--- START ---
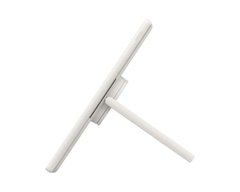 Màn hình cảm ứng di động The Movingstyle Samsung 27 Inch UA27LSM7FAXXXV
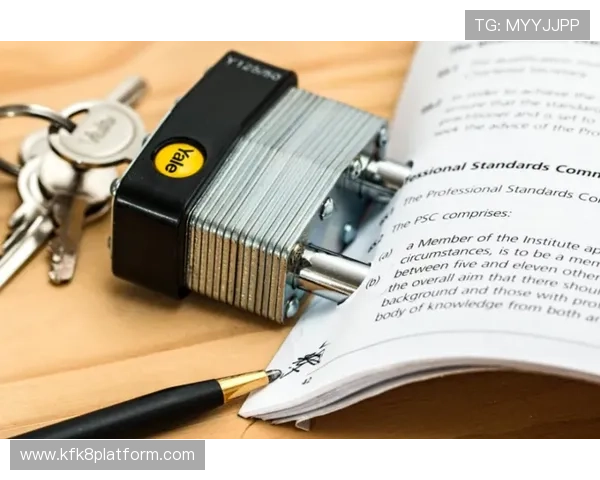 如何识别K8凯发正规网址,避免虚假网站带来的资金风险与个人信息泄露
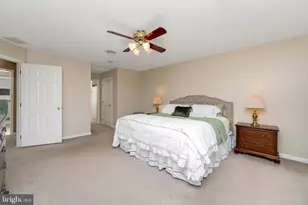 101 Handler Dr, Burlington Township, NJ 08016 - Photo 23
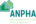 Logo for Alberta Network of Public Housing Agencies on a transparent background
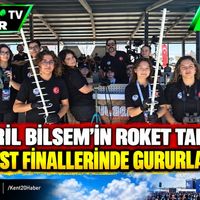 TEKNOLOJİ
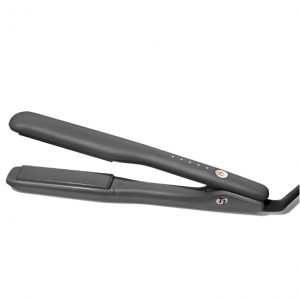 T3 SINGLEPASS CERAMIC夹板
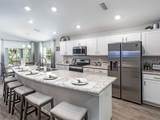 5435 127TH Lane - Photo 4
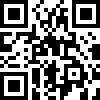 https://isna.ir/xd3Ggn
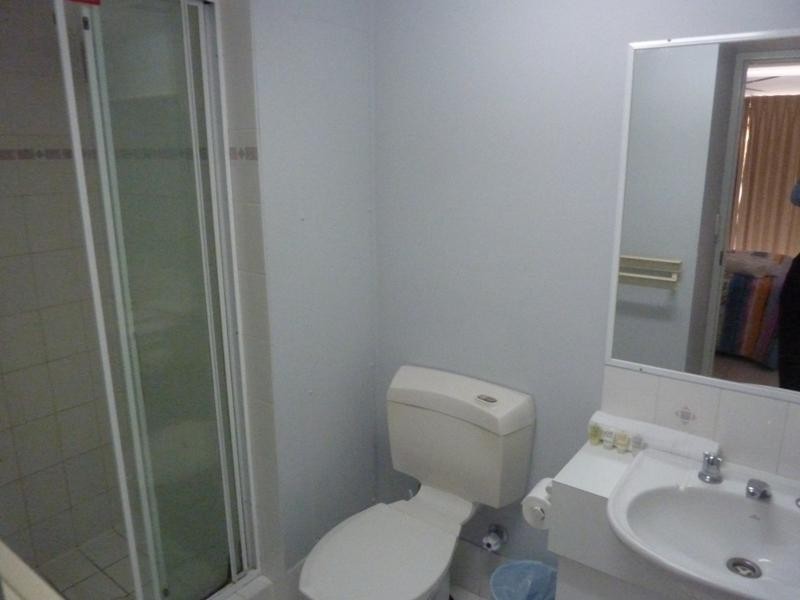 1 ‘Chidori Court’ Cronin Avenue, Main Beach QLD 4217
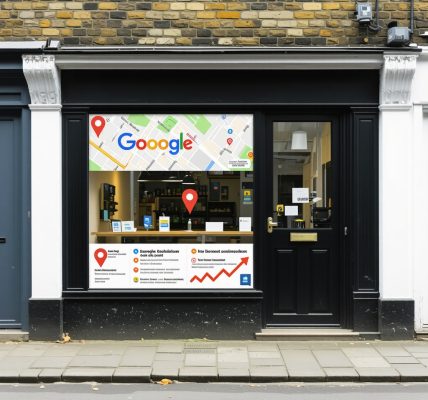 Effective GMB Citation Services to Climb Google's Local Pack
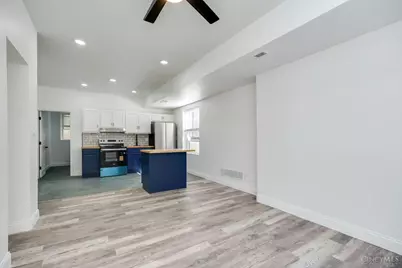 124 Valencia Street, Cincinnati, OH 45219 - Photo 31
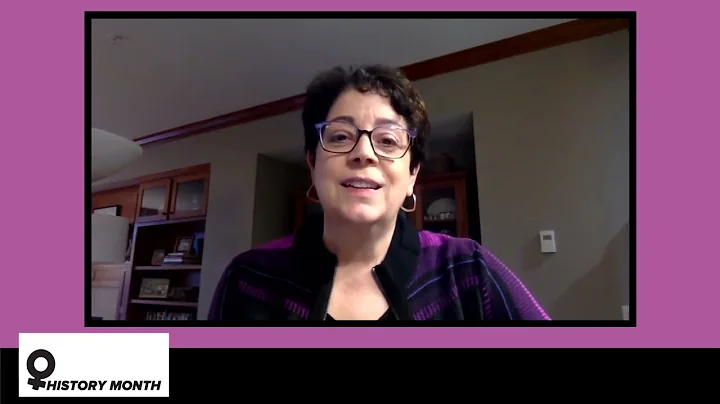 Jennifer shares her story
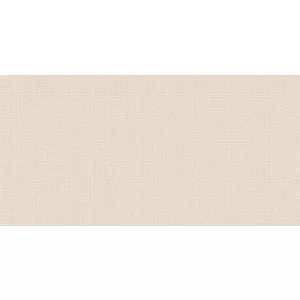 Плитка настенная AltaCera Veronica Beige бежевый 24,9*50 см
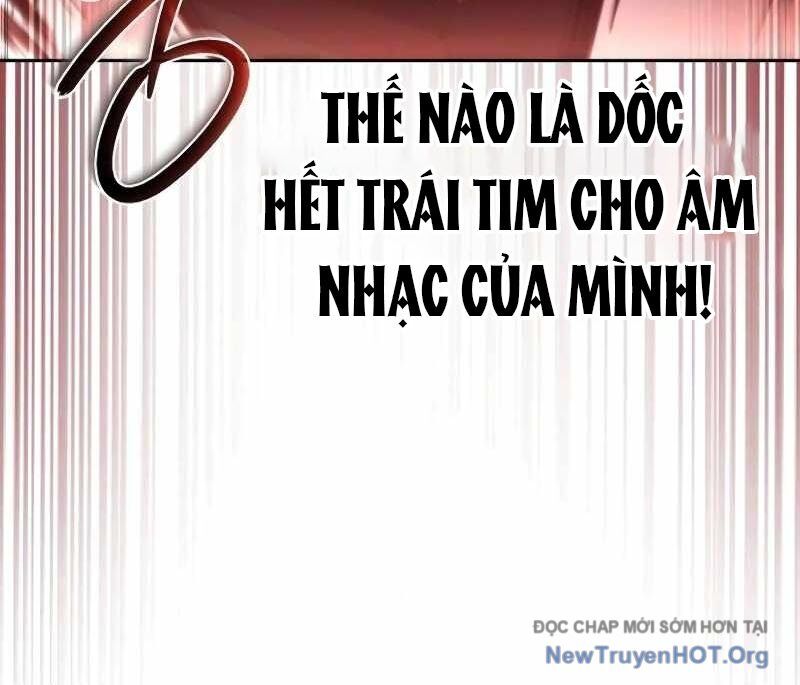 Đại Pháp Sư Mở Nhà Hàng [Chap 88-91] - Page 45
--- END ---
Exercise details:
Using the material above, restate word for word the lines from the line that has "Плитка настенная AltaCera" to the last line, inclusive, with pictures omitted.

Task answer:
 Плитка настенная AltaCera Veronica Beige бежевый 24,9*50 см
 Đại Pháp Sư Mở Nhà Hàng [Chap 88-91] - Page 45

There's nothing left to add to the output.